> **Exercise requirements**
Set down exactly the lines from the first line of the records through the line that contains "秋 冬 試着チケット対象", and leave every picture out.

> **Short text fragments from websites**
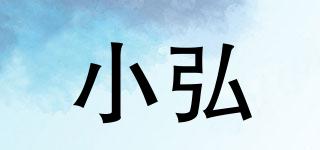 小弘品牌logo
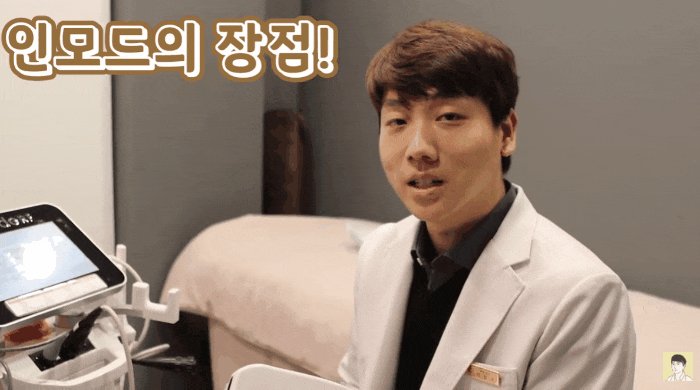  바디인모드가격? 허벅지/팔뚝살 빼는 꽤 충격적인 방법.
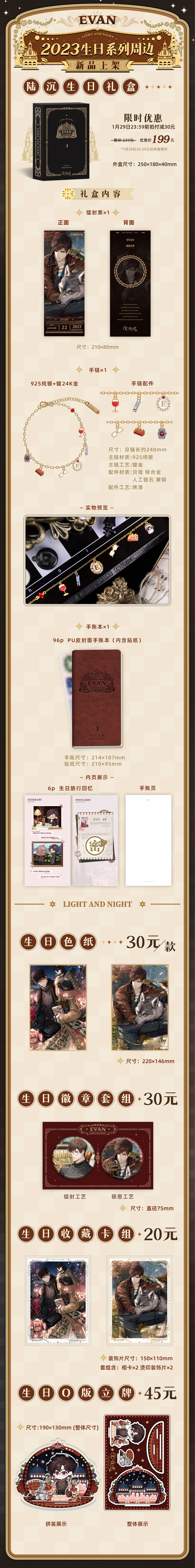 周边商城上新公告   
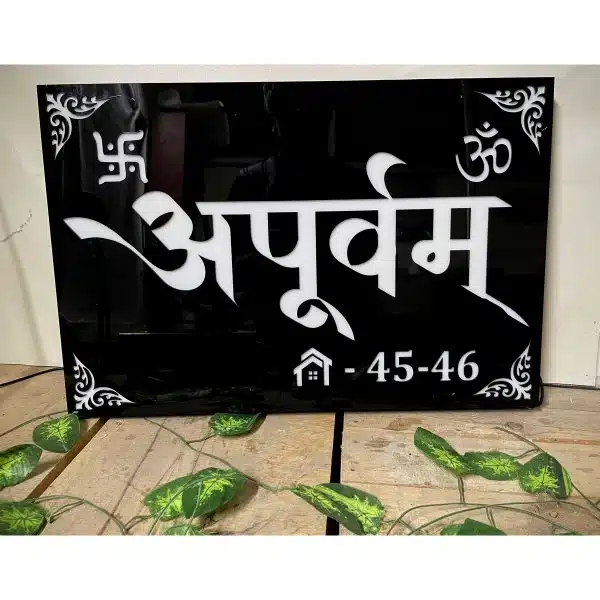 Acrylic LED Nameplate waterproof hindi designer font 3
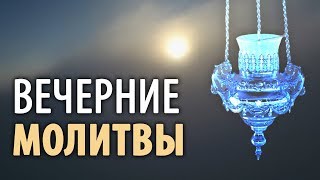 Вечерние молитвы. Вечернее правило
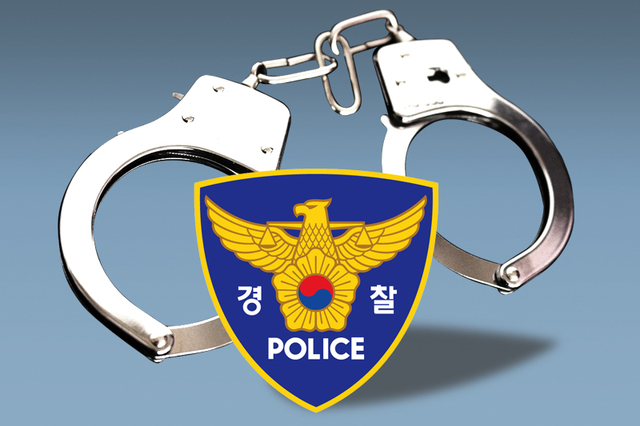 강남역 인근서 흉기 인질극…40대 남성 체포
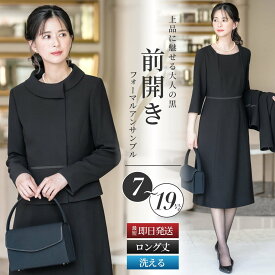 ＼クーポン利用で15,800円&365日即日出荷／ 【35%OFF】 喪服 レディース アンサンブル 前開き 洗える ロング スーツ 2点セット ワンピーススーツ 膝下 冠婚葬祭 法事 礼服 セレモニー ブラックフォーマル 葬式 大きいサイズ 小さいサイズ 春 秋 冬 試着チケット対象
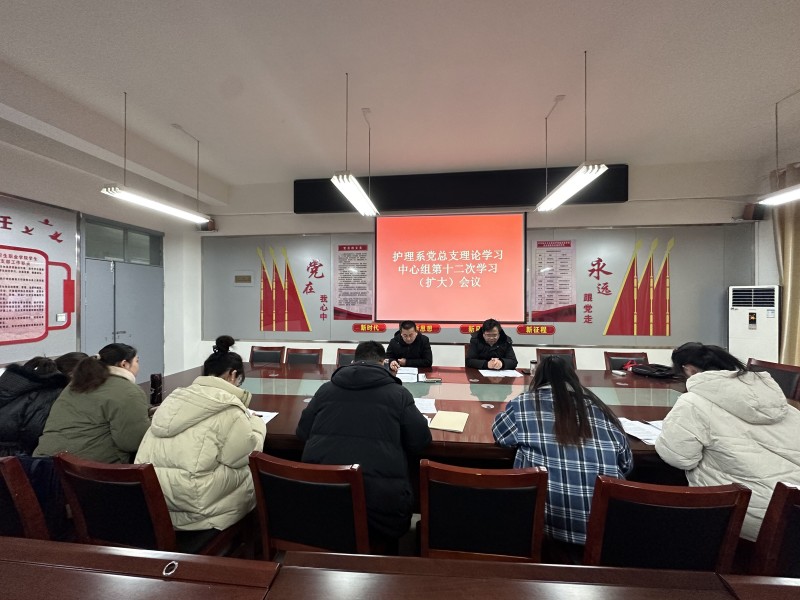 QQ图片20231229152755_副本.jpg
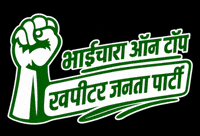 On Top Unity GIF by Khapitar Janta Party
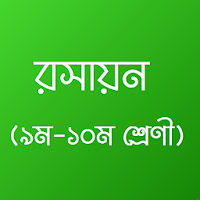 Class 9-10 Chemistry 2020 : রসায়ন (৯ম-১০ম শ্রেণী)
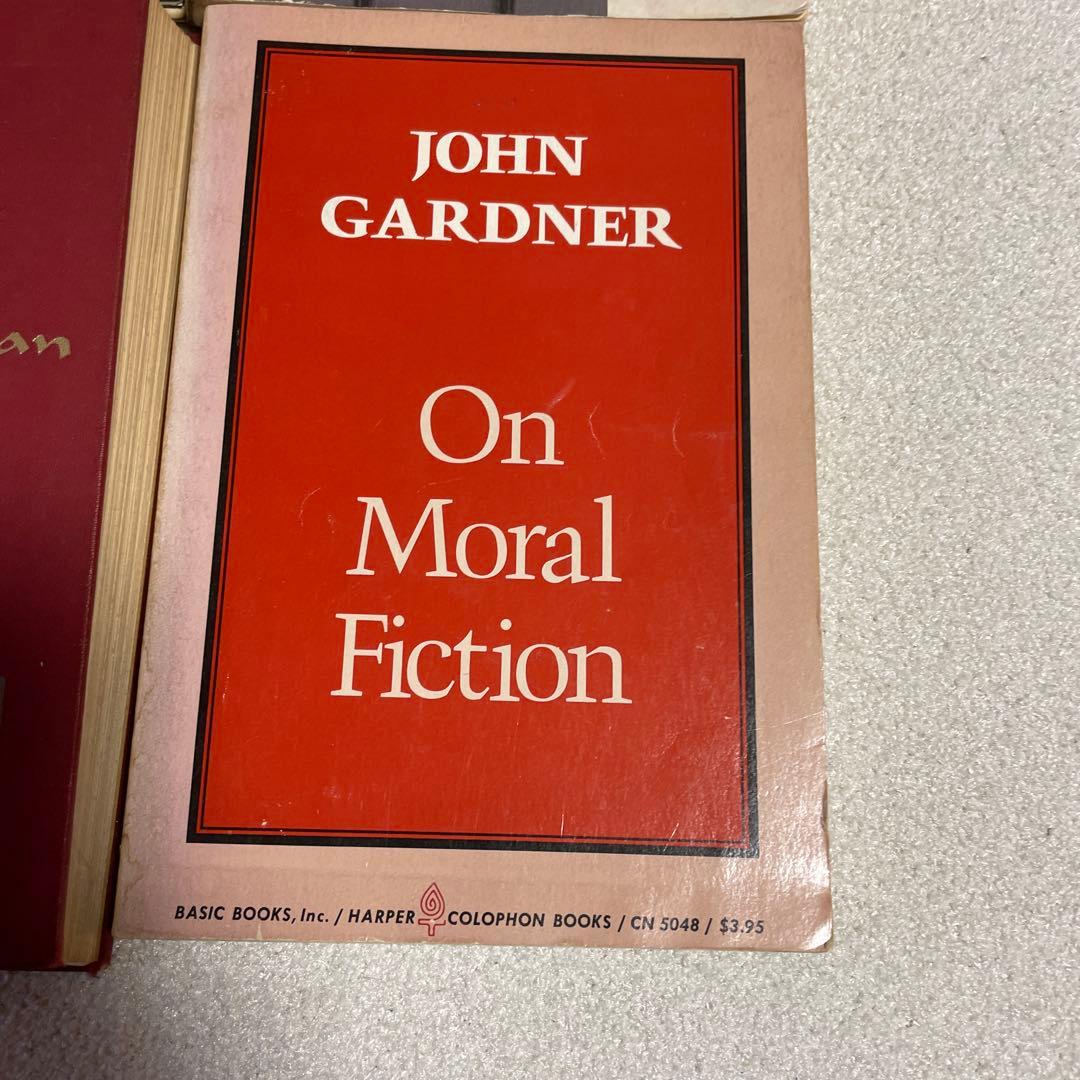 ジョン・ガードナー著作集＋アメリカのレトリック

> **Answer to this task**
 小弘品牌logo
  바디인모드가격? 허벅지/팔뚝살 빼는 꽤 충격적인 방법.
 周边商城上新公告   
 Acrylic LED Nameplate waterproof hindi designer font 3
 Вечерние молитвы. Вечернее правило
 강남역 인근서 흉기 인질극…40대 남성 체포
 ＼クーポン利用で15,800円&365日即日出荷／ 【35%OFF】 喪服 レディース アンサンブル 前開き 洗える ロング スーツ 2点セット ワンピーススーツ 膝下 冠婚葬祭 法事 礼服 セレモニー ブラックフォーマル 葬式 大きいサイズ 小さいサイズ 春 秋 冬 試着チケット対象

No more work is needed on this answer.